Figure 1 shows a brief diagram of citizen science. In addition to running programs of research that encourage users to engage in a more traditional data submission process, there is also the underexplored option of mining data from social networks and taking a more opportunistic approach. Indeed, many images, especially those taken on mobile phones, contain GPS information and can readily be searched and mapped via the integrated search facilities on Websites. The mobile interface allows the mobile phone to become a people-centric sensor which is capable of aggregating inputs from local surroundings, enabling data to be collected at a higher resolution [57]. This may be useful in plotting distributions and migration patterns or movements, both of individuals or species. Indeed, large charismatic species with stable patterning such as whales, sharks, rays, and big cats are photographed regularly by tourists and shared online, and the ability to collate and analyse these images could prove valuable to the study of their movement, social grouping, and ultimately conservation.

An emerging and particularly promising but under developed area of citizen science is that of using online social networking sites such as Facebook, Twitter, and mobile social networks such as Foursquare. Many of these have integrated image and location data upload facilities. Indeed, throughout 2011 there has been a proliferation of these facilities throughout popular social networking Websites. These features have been incorporated into basic interfaces, enabling users to simultaneously capture images; GPS tag them, add, comments, and post, to followers or friends instantly via mobile internet.

Since it’s advent in 2004, Facebook (http://www.facebook.com/), the most popular social networking site, has grown to having more than 800 million active users globally, with, on average, more than 250 million photographs uploaded every day. More than 350 million people access it through a mobile phone [58]. Research by commercial online marketing and data collection agency comScore Media Metrix suggested that Facebook reached 73% of Americans in June 2011 [59]. With Flickr, the story is similar; Yahoo! announced in August 2011 that it had reached 51 million users and had, on average, 4.5 million photos uploaded every day. On the February 28th 2012 it had 176,605,443 geo-tagged photographs in total. With an integrated approach and the correct marketing and publicity, in addition to the increase of GPS-capable mobile devices it is likely that Flickr may become increasingly useful for gathering data, particularly for charismatic species.

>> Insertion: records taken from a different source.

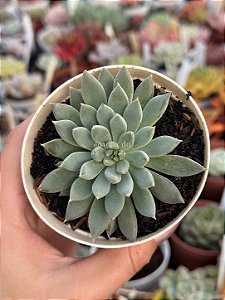 Echeveria lemon juice
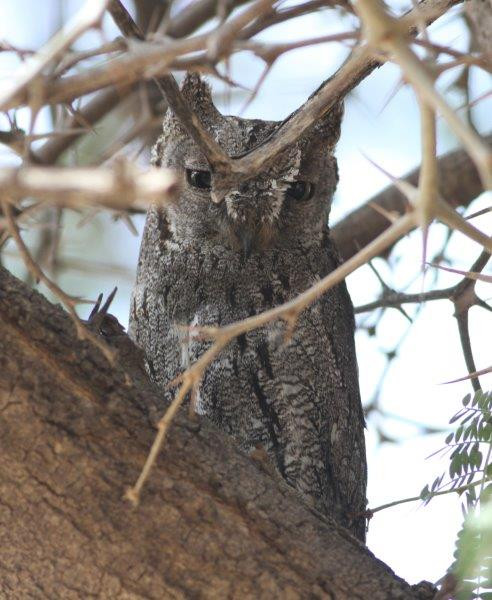…and we could find an African Scops Owl roosting through the daytime…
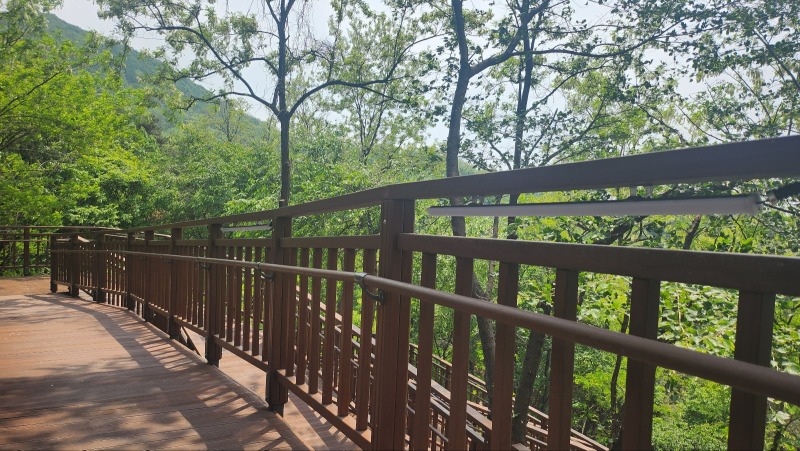 2025 -중랑-망우역사어린이공원_SL001, 14W(라인바) (29).jpg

The potential for scientific research is immense, particularly for image-based data collection where EXIF information can be mined using a custom API and identification can be verified by trained individuals or automatic recognition software [6063]. Figure 2 shows a small example of what Flickr can do with a simple search term “monarch butterflies butterfly” (signifying a search for either butterflies or butterfly) which pulls up 13,329 geo-tagged photos within the US (February 28th 2012), 250 of which it can plot on a map on the Flickr Website. The map seemingly holds a cursory resemblance to Howard and Davis’s [45] map of monarch butterfly migration roosts (created using data from a citizen science program called Journey North which relies on a more traditional data submission process albeit via an online form—http://www.learner.org/jnorth/). Using a custom API and transposing all results onto Google Maps or other mapping software, it would be possible to limit the geo-tagged photo search by date and compare it directly with Journey North’s monarch butterfly monitoring program, which has received 4078 sightings within the last year. However, without creating an API, a simple search on Flickr’s advanced search facility with the search term “monarch butterfly” brought up 15,499 photographs within the same time period (using data collected on February 28th 2012). Despite being likely that a large proportion contains no useful information (i.e., not pictures of the target species) and/or is not geo-tagged, (although estimates show >40% may be geo-tagged, [64]), this suggests that if this method of data collection was further explored the number of potentially useful monarch butterfly sightings data could be greatly increased.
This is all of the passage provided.